C’est un homme d’exception qui vient de partir, le 13 mai 2020. Chedli Klibi est un véritable bâtisseur auquel la culture tunisienne doit énormément. Un homme qui avait un projet pour la Tunisie et pour sa culture.
Pour se rendre compte des faits et gestes de Chedli Klibi, qui vient de décéder, le 13 mai 2020, il suffit sans doute regarder un documentaire réalisé par la Télévision Tunisienne, diffusé en 2019, sous le titre « L’âge d’or de la création tunisienne ».

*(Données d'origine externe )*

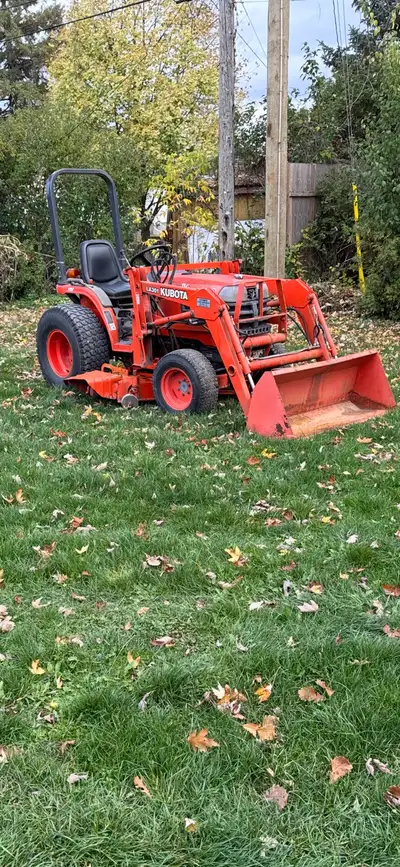 Kubota tractor Front end loader 60” cutting deck Brand new 60” snow blower 4x4 Diesel Only 680 hours...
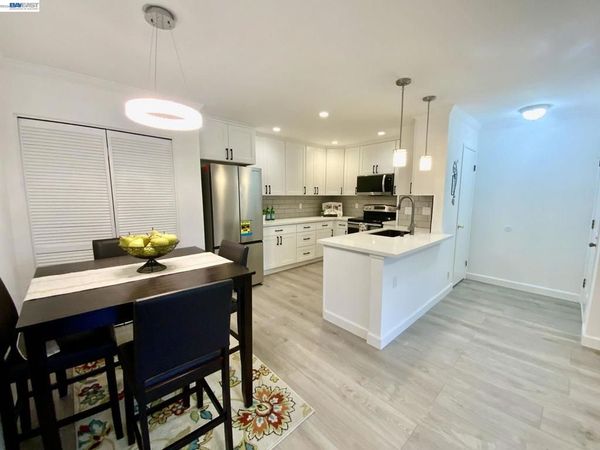 304 Hackamore Ln, Fremont, CA 94539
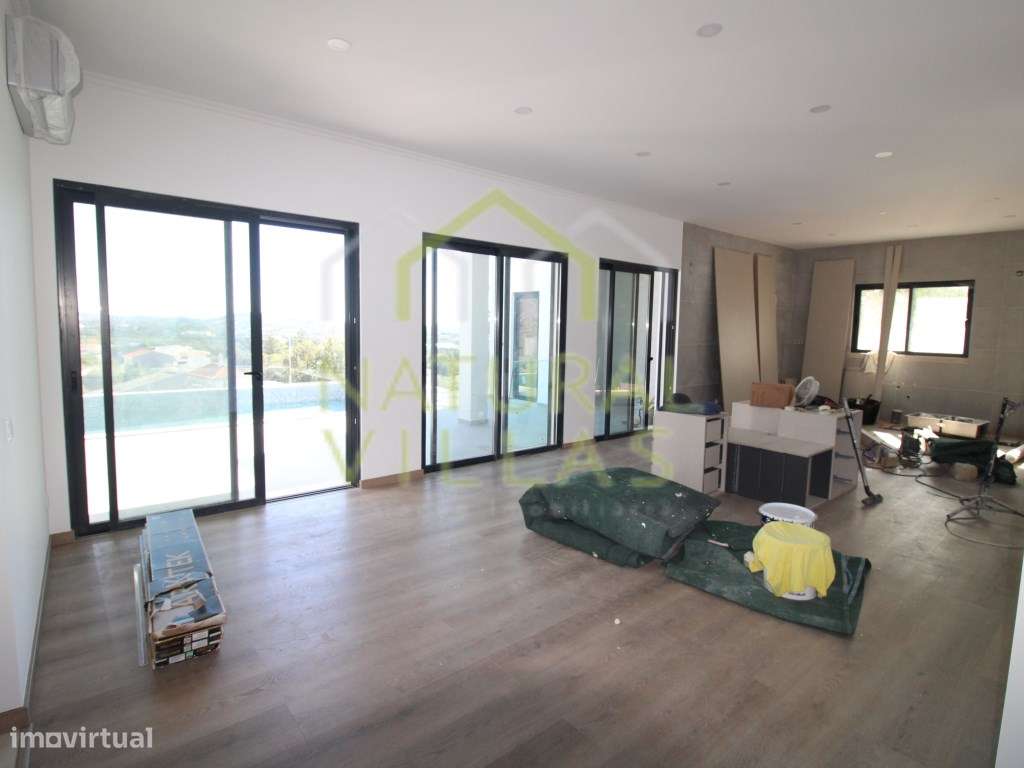 Moradia T5 de Luxo com Piscina Aquecida e Vistas Magníficas - Grande imagem: 4/45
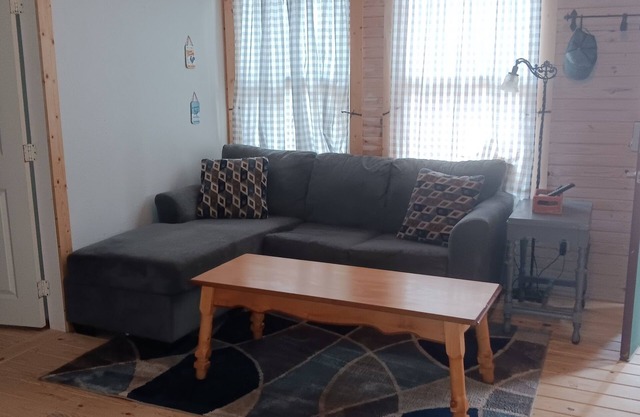 1 private bedroom, sofa sleeper and 2 lofts - Cabin In The Country Woods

L’homme a été Directeur Général de la Radio Tunisienne (RT). Il a été en tant que ministre de la Culture à l’origine de bien des avancées tunisiennes: théâtre, cinéma, lecture publique, art graphique, peinture, sculpture, etc. On se demande en regardant ce documentaire, qui fait le récit de la création culturelle des années soixante et soixante-dix, ce que l’homme n’a pas au fait entrepris.
Les laboratoires du cinéma de Gammarth, les ciné-clubs, les Journées cinématographiques de Carthage, la Bibliothèque nationale, les bibliothèques ambulantes, la Société Tunisienne d’Edition (STD), la Maison Tunisienne d’Edition (MTE), la société de disques Ennagham, la troupe théâtre de la Municipalité de Tunis, l’Ecole des beaux-arts, les maisons de la Culture, la troupe musicale et théâtrale de la RTT, la troupe nationale de musique folklorique, le Festival de Carthage, le Festival du cinéma amateur de Kélibia, etc. Tout cela c’est évidement Chedli Klibi. Et évidement bien plus.

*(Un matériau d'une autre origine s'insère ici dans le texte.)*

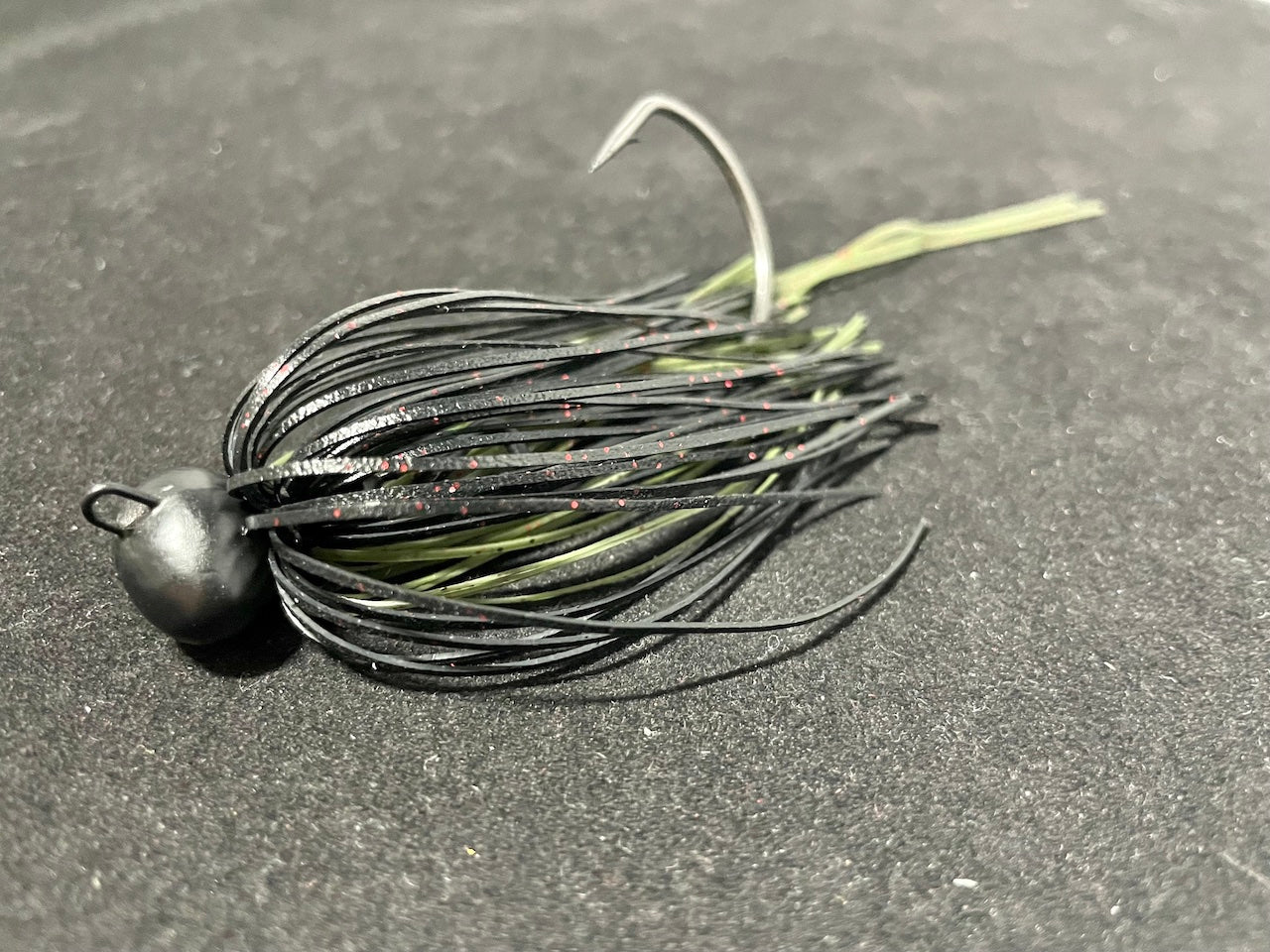 Black Angel Lures Tremor Wobble Head Cali 4:20 Black with red flake Green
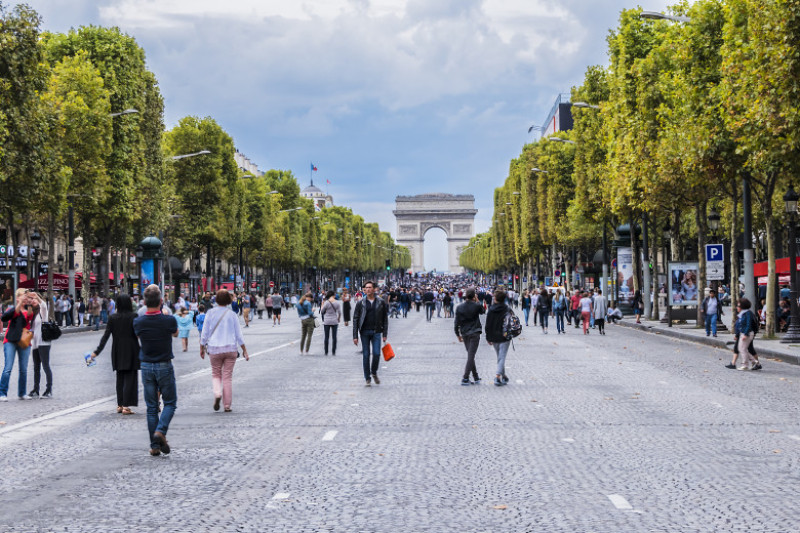 champs elysee paris arc de triumf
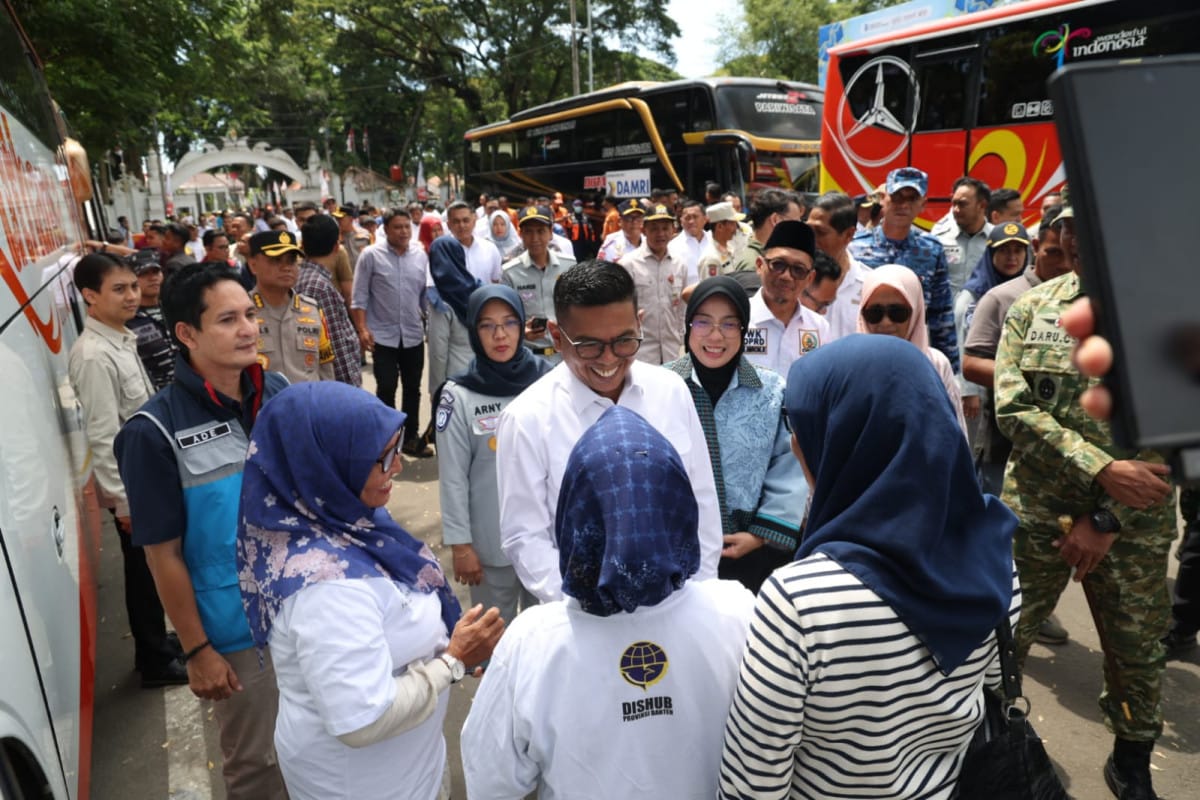Pemprov Banten memberangkatkan 990 peserta mudik gratis dengan 22 bus. Program dilepas Gubernur Andra Soni dari Alun-Alun Kota Serang.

Une grande capacité de mobiliser les énergies
Il faut dire que l’homme a trouvé de grands créateurs d’exception. Et ce, pour réaliser tout ce que la Tunisie indépendante lui doit: Ammar Farhat et Zoubeir Turki (peinture), Ali Ben Ayed et Nourreddine Kasbaoui (théâtre), Ezzeddine Madani et Mustapha Kraïef (littérature), Ridha Kalaï, Naama et Hédi Jouini (musique et chants), Taher Chriaa et Omar Khelifi (cinéma),… Et évidemment beaucoup plus.

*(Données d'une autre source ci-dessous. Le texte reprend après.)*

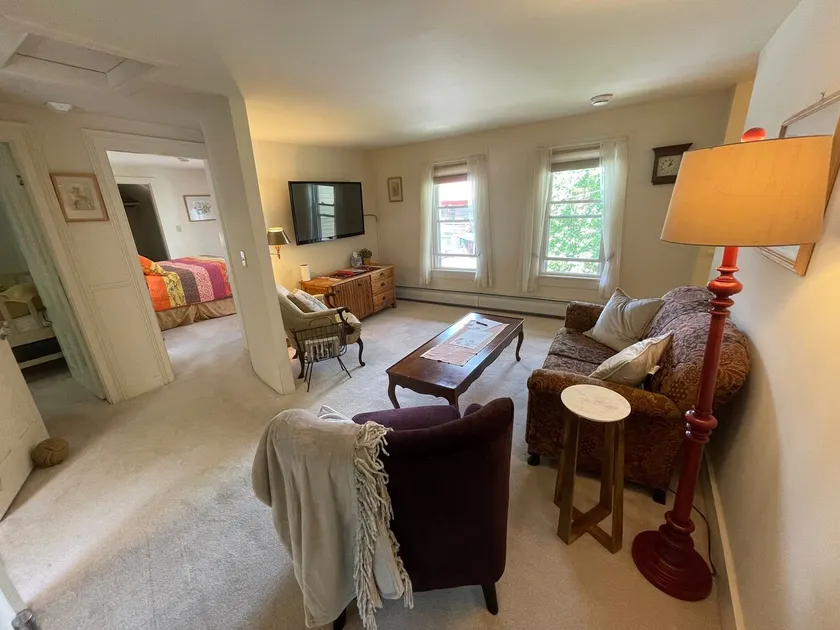 3 Room Suite, Monthly, Historic Inn, Jamaicahaus - Image 1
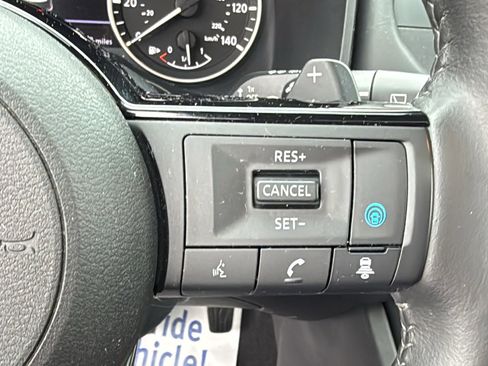 Certified 2022 Nissan Rogue SV w/ SV Premium Package image 11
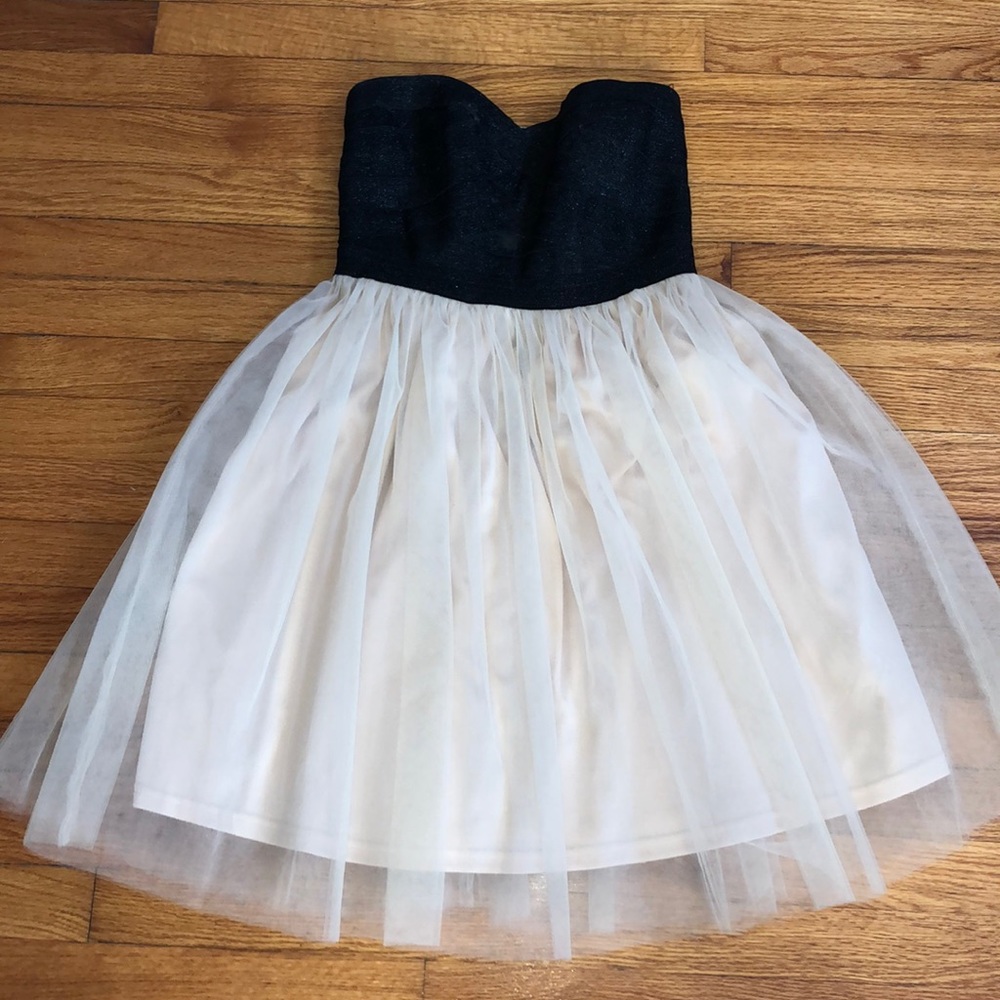 Windsor Party/homecoming dress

Certes, mais ces créateurs n’auraient sans doute jamais pu développer leurs talent et vocation sans son soutien et sa capacité de mobiliser des énergies. Chedli Klibi aura eu du reste le génie de leur avoir offert l’occasion d’aller se former ou se perfectionner dans de nombreuses écoles et centres de formation dans les métiers de l’Art à l’étranger.
Car, l’homme avait au fait un projet pour la Tunisie et pour sa culture. Bénéficiant en cela de l’appui du président Habib Bourguiba qui en fit son ministre de la Culture pendant un peu plus de treize ans (de 1961 à 1970 et de 1971 à 1973). S’appuyant dans sa mission sur des collaborateurs d’exception comme Taher Guiga, Mustapha Ferssi ou encore Hamadi Essid. Dans le même ordre d’idées, il fera un passage remarqué à la tête de la RTT dont il a fait un pôle culturel de premier plan (entre 1958 et 1961).
Un fort en thème
Homme d’Etat, formé à la dure, il a été aussi secrétaire général de la Ligue des Etats Arabes pendant onze ans (1979-1990). A un moment des plus délicats: l’après accord de Camp David (1978). Les pays arabes, mécontents de la signature d’un accord de paix de l’Egypte avec l’ennemi israélien, ont décidé de changer de siège (Tunis) et de secrétaire général.
A titre de reconnaissance sans doute du rôle joué par ce fort en thème (il est agrégé d’arabe de la Sorbonne et un écrivain de grande qualité), l’actuel secrétaire général de la Ligue des Etats Arabes, Ahmed Abou Al Gaith, a rendu un vibrant hommage à un homme de grande qualité. Il a su assurer la continuité de l’une des plus importantes organisations régionales dans le monde.